The Superman of hard drives: New 5-dimensional computer 'memory crystal' will survive the human race, say scientists
Information is encoded with lasers, has a thermal stability of up to 1000°C and a practically unlimited shelf life
Steve Connor is the Science Editor of The Independent. He has won many awards for his journalism, including five-times winner of the prestigious British science writers’ award; the David Perlman Award of the American Geophysical Union; twice commended as specialist journalist of the year in the UK Press Awards; UK health journalist of the year and a special merit award of the European School of Oncology for his investigative journalism. He has a degree in zoology from the University of Oxford and has a special interest in genetics and medical science, human evolution and origins, climate change and the environment.
Wednesday 10 July 2013
Information stored within a computer “memory crystal” developed in Britain could survive for a million years without being lost, according to scientists who said that it could long outlive the end of civilisation.
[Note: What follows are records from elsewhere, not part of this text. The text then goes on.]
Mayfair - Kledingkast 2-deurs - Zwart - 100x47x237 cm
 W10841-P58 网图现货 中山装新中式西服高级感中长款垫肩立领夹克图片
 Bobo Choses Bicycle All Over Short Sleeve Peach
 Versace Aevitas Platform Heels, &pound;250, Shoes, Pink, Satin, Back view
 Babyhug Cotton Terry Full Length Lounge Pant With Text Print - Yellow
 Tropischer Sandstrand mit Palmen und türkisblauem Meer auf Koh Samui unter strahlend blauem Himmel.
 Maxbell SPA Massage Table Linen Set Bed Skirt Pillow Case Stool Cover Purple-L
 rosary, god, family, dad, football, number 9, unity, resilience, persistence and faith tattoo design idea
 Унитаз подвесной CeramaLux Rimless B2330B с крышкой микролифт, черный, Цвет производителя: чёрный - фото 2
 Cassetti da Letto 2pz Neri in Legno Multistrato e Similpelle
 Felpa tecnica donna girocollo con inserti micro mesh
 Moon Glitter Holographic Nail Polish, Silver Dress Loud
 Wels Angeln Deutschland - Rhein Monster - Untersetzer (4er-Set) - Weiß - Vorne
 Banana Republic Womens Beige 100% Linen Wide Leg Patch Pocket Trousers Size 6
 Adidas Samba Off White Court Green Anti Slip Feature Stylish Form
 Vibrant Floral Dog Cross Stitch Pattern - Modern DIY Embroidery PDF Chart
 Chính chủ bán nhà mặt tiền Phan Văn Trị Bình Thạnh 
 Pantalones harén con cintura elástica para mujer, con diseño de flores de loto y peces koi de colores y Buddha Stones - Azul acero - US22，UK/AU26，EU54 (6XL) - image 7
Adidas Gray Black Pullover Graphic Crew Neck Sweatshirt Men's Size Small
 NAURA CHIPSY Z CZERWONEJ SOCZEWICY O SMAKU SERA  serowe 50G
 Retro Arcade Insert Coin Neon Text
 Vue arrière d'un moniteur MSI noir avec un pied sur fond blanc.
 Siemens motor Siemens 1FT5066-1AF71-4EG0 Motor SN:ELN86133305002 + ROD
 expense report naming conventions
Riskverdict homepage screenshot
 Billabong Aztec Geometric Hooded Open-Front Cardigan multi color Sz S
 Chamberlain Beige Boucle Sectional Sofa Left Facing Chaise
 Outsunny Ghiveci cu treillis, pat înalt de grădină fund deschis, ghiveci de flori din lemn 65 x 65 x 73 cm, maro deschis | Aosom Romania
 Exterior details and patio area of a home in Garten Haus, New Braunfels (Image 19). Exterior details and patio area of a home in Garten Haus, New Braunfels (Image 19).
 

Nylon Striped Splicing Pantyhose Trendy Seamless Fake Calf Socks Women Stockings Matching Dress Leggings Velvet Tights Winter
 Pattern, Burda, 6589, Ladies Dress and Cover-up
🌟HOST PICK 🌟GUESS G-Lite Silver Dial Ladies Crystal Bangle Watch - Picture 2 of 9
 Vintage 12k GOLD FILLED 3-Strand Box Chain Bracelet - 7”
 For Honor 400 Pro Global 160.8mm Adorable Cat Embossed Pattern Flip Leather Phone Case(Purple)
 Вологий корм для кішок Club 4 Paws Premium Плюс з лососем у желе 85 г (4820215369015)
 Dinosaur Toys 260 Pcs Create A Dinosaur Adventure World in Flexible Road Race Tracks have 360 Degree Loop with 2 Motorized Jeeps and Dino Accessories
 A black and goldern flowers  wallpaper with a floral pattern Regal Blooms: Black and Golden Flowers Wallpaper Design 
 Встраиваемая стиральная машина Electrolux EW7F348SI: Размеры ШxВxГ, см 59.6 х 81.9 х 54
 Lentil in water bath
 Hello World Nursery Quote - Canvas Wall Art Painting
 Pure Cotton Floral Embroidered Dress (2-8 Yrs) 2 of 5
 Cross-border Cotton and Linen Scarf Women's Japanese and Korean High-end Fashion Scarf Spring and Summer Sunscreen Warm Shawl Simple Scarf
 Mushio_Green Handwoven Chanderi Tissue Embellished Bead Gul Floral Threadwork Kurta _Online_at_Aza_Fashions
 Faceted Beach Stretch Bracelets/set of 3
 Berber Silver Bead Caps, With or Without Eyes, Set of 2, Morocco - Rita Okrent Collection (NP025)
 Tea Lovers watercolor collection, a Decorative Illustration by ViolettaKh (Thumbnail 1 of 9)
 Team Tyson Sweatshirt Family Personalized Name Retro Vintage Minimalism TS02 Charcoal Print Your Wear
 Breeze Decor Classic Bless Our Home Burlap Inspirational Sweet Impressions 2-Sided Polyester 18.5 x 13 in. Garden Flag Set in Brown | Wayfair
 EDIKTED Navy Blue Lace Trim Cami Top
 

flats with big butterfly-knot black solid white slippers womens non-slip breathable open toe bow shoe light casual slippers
The crystal can store digital information in five dimensions – the three dimensions of space and two extra dimensions of the crystal lattice – and pack up to 360 terabytes of data on to a single disc, equivalent to about half a million conventional CDs.
Jingyu Zhang and his colleagues at Southampton University have compared the glass memory device to the Superman memory crystal used in the films of the comic-book hero to store his parents’ archives of data.
“We are developing a very stable and safe form of portable memory using glass, which could be highly useful for organisations with big archives. At the moment companies have to back up their archives every five to ten years because hard-drive memory has a relatively short lifespan,” Mr Zhang said.
“Museums who want to preserve information or places like the national archives where they have huge numbers of documents would really benefit,” he said.
The fused quartz is made from almost pure silica and the data is stored by etching the surface of the crystal with ultra-high-speed laser light. The data is laid down on three rows of tracks separated by a millionth of a metre and each spot or bit of data can exist in one of two forms and up to 256 variable states, giving five storage dimensions, Mr Zhang said.
The crystal if very stable and can survive temperatures of up to 1,000C. At more normal temperatures it will remain unchanged for at least a million years, he said.
Professor Peter Kazansky, who led the team, said: “It is thrilling to think that we have created the first document which will likely survive the human race. This technology can secure the last evidence of civilisation. All we’ve learnt will not be forgotten.”